- Your goal -
The records that appear below are to be restated word for word.

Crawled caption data
▬▬▬

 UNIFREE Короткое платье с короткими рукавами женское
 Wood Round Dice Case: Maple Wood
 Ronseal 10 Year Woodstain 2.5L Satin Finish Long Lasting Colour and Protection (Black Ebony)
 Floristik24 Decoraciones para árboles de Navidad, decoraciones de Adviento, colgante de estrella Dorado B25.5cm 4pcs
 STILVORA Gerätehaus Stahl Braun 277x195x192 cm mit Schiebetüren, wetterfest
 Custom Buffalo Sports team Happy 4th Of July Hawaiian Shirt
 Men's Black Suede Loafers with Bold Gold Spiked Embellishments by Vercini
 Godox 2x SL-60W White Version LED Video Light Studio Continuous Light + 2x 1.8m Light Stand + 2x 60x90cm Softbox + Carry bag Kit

▬▬▬

- Answer section -
 UNIFREE Короткое платье с короткими рукавами женское
 Wood Round Dice Case: Maple Wood
 Ronseal 10 Year Woodstain 2.5L Satin Finish Long Lasting Colour and Protection (Black Ebony)
 Floristik24 Decoraciones para árboles de Navidad, decoraciones de Adviento, colgante de estrella Dorado B25.5cm 4pcs
 STILVORA Gerätehaus Stahl Braun 277x195x192 cm mit Schiebetüren, wetterfest
 Custom Buffalo Sports team Happy 4th Of July Hawaiian Shirt
 Men's Black Suede Loafers with Bold Gold Spiked Embellishments by Vercini
 Godox 2x SL-60W White Version LED Video Light Studio Continuous Light + 2x 1.8m Light Stand + 2x 60x90cm Softbox + Carry bag Kit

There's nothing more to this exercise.